Whatever side you may be on, the good news is tofu's a blank canvas (or in this case, a block canvas), which means it's quite versatile and can easily be transformed!
What is it?
Tofu is bean curds made from coagulating soy milk into curds. These curds are then put into forms and pressed to create a large block of tofu. The large block is then cut into smaller blocks and packaged in filtered water.
Tofu, in general, is very high in protein and low in calories. It's also pretty tasteless, so it lends well to many flavors.
Silken:Silken tofu is just how it sounds, silky. It is great for making sauces and creams because of it's smooth and pudding-like texture. You can find silken tofu in the refrigerated section of the store or in a Tetra Pack on shelf in an aisle (Mori-Nu is the most common shelf-stable brand).
Firm/Extra Firm: Extra-firm is much firmer than Firm. Firm and Extra-Firm tofu work best for when the tofu needs to hold together such as in stir-fries, or when you're making Baked Tofu (HHC, pg. 138), or crumbled as in HH's Tofu Scramble. Note that if the recipe calls for cubing the tofu into small pieces, the firmer the better.
I once used firm tofu once in place of silken tofu when making HH's Sour Cream (EHH, p. 274). I ran the firm tofu through the blender a few times by itself with a little nondairy milk before making the recipe so it was somewhat silken in texture. It wasn't quite as creamy as usual, but it still worked in a pinch.
On the flip side, you generally can't substitute the silken for firm or extra-firm.
Sprouted: Sprouted tofu is the same as regular tofu, except it is made from sprouted soy beans. While there is no difference in how you would cook with sprouted tofu (it is still labelled as firm, extra-firm, etc) there is a difference nutritionally. Sprouted tofu generally has more calories and fat than regular tofu, but also more protein.
How to press tofu
Occasionally a recipe may call for "pressed tofu". You're probably wondering "what's the point of pressed tofu"? When you press tofu, you're pressing out excess water, which allows more flavor to be absorbed while cooking.
I once had a fancy tofu press, but since I never used it, I gave it away. Now whenever I need to press tofu, I use regular objects anyone can find around the house. Here's how to press in 5 easy steps:
- Remove tofu from package, drain away excess water
- Wrap tofu in a clean dish towel.
- Place wrapped tofu on a cutting board or plate.

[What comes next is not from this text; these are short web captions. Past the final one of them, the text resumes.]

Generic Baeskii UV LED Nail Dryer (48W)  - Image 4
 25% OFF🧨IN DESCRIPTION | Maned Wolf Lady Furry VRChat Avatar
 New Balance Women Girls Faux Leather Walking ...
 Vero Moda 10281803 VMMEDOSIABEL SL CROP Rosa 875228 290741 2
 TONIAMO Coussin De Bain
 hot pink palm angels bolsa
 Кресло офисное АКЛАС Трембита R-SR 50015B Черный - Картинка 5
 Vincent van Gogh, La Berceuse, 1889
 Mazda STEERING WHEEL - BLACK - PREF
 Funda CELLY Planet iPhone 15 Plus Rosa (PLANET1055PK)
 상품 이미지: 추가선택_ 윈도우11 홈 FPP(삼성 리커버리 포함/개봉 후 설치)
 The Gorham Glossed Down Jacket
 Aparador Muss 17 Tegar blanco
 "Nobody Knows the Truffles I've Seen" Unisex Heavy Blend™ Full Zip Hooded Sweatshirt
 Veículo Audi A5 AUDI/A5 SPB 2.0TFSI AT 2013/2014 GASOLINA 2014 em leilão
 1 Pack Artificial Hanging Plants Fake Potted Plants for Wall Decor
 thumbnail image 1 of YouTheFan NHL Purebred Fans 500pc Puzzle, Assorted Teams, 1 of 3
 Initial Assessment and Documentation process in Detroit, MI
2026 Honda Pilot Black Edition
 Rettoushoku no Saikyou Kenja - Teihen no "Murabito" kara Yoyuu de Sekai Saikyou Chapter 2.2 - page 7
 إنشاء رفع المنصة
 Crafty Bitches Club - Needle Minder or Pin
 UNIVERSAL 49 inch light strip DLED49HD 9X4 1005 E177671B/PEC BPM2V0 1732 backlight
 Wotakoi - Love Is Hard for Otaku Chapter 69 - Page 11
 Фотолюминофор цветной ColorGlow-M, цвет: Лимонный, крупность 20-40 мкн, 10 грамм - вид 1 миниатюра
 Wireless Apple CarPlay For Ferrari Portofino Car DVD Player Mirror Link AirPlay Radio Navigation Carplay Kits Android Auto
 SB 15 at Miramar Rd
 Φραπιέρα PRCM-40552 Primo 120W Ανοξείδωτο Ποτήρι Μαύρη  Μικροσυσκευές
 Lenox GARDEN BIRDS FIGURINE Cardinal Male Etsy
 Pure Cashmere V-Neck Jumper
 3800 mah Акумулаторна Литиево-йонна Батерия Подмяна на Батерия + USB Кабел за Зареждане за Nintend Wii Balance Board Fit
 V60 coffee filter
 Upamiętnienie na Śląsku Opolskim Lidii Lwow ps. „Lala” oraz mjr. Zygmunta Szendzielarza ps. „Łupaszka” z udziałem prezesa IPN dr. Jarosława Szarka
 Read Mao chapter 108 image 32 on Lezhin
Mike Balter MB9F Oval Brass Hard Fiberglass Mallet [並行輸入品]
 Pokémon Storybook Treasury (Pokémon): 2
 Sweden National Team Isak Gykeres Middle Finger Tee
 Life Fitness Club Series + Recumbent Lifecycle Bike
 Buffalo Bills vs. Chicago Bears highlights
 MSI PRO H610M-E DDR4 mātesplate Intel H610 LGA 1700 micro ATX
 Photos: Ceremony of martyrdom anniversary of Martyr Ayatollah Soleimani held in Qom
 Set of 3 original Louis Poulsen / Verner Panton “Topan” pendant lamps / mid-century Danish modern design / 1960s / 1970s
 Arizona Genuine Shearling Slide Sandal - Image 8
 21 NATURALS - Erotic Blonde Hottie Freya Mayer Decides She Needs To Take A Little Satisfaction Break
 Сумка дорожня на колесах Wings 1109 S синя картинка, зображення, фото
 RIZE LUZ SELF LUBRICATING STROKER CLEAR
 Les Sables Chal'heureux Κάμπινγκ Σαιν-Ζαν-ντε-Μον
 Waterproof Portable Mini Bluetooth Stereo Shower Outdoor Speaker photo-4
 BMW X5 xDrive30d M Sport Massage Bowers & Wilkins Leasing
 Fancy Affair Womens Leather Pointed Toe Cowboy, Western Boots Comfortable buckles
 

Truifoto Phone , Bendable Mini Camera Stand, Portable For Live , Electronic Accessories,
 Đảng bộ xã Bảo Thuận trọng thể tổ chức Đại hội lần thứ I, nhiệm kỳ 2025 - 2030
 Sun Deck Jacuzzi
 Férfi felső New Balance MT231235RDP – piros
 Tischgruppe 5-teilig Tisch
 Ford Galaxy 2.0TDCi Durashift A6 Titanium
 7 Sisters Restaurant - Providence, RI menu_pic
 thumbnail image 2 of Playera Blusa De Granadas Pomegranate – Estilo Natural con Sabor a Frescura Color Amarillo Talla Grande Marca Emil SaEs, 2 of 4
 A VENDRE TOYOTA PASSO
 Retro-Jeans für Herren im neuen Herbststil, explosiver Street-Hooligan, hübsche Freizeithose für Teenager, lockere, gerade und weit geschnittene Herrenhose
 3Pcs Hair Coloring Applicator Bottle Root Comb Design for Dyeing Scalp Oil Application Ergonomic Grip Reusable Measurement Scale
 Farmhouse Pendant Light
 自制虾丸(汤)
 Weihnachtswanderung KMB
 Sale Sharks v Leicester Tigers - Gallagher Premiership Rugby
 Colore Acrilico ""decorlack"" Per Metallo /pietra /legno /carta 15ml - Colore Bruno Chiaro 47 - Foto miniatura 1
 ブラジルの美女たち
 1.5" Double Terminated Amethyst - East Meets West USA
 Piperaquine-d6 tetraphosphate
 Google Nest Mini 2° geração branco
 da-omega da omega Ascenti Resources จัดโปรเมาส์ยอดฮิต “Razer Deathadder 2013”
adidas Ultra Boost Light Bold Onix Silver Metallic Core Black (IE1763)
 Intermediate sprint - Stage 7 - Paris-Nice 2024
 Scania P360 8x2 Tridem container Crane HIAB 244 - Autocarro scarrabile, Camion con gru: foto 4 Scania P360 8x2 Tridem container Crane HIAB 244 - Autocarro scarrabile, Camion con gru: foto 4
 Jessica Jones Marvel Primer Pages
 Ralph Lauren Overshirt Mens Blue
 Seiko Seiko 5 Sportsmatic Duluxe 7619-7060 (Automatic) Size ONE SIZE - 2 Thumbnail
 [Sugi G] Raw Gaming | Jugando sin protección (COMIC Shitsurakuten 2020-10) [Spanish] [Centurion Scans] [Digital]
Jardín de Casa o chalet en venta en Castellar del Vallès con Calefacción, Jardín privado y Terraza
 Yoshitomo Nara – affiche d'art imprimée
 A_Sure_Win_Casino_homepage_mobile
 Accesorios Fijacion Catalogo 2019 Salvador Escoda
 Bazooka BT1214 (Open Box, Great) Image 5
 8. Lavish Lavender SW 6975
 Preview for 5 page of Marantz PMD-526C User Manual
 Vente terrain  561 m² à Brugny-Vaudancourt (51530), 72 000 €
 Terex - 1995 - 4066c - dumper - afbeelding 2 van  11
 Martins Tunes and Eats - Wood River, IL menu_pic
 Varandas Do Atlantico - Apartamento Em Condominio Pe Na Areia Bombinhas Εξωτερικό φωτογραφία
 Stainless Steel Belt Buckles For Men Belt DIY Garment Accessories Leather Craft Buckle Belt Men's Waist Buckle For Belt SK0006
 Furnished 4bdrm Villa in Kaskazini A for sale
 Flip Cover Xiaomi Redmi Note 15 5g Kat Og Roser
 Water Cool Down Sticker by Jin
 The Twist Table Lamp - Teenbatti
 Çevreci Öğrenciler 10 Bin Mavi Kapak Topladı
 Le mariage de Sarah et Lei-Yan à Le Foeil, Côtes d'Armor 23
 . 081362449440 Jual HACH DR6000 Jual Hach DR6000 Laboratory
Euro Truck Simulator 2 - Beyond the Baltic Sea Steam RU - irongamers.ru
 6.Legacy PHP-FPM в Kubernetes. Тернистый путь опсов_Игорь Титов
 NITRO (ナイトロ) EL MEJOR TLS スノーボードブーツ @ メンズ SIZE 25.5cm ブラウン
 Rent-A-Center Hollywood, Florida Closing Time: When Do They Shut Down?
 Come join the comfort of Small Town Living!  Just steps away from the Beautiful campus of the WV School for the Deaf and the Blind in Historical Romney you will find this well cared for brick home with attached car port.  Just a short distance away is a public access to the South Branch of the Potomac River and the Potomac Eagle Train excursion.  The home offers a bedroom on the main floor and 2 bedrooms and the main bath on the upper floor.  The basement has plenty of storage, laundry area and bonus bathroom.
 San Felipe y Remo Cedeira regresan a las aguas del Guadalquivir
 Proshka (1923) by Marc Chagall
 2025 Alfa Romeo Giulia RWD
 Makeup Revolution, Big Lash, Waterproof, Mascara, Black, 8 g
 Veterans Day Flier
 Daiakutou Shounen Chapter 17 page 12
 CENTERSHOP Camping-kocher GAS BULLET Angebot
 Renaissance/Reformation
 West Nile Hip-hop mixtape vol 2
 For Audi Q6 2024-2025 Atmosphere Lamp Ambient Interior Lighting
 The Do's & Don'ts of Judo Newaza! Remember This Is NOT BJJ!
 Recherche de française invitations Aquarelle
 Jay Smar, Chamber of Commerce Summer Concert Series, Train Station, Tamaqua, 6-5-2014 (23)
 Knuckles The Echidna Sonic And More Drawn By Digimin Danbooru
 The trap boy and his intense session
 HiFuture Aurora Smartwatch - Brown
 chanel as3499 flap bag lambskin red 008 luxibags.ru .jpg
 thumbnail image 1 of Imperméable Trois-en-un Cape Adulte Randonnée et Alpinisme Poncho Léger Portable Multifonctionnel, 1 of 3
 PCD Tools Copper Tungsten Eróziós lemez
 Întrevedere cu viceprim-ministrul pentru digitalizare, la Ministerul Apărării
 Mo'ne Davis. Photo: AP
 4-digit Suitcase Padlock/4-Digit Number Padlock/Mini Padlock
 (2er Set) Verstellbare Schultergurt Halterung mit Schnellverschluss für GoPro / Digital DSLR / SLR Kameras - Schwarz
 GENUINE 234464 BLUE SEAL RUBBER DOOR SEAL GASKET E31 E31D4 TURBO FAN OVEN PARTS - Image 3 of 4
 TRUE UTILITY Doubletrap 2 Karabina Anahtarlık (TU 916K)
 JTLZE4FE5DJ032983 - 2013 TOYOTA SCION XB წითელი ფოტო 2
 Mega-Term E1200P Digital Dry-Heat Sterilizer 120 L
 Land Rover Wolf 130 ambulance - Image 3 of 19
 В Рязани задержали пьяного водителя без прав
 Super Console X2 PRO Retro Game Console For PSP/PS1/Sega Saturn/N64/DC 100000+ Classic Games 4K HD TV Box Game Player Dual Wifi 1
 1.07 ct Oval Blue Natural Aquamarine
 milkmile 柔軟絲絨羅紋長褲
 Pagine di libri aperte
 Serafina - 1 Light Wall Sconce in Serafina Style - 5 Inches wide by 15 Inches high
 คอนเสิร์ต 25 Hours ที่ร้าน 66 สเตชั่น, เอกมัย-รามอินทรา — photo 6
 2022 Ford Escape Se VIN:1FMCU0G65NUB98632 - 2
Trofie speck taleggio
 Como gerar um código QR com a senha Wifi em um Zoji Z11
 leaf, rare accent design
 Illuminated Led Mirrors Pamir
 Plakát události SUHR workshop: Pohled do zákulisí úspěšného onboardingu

- Place another cutting board or baking sheet on top of tofu and add heavy objects (i.e. books, cans of beans) to press out water.
- Leave heavy objects on tofu for about 30 minutes, but stay close in case your objects shift.
Many people don't like the texture of tofu. If that's the case, try freezing it! It's a great way to change the texture (it makes it a little more chewier) without much effort. The color also changes when frozen, but will go back to it's off-white shade once thawed. See this post for details: How to Freeze Tofu
Allergic to soy, or maybe tofu isn't your cup of tea?
No problem! See my post on How to Replace Tofu. I also recently shared on Facebook about a new brand of soy-free hemp tofu hitting the market. I haven't personally used it, but it's nice to see that alternatives are slowly but surely becoming available!
Do you like tofu? If so, how do you enjoy it?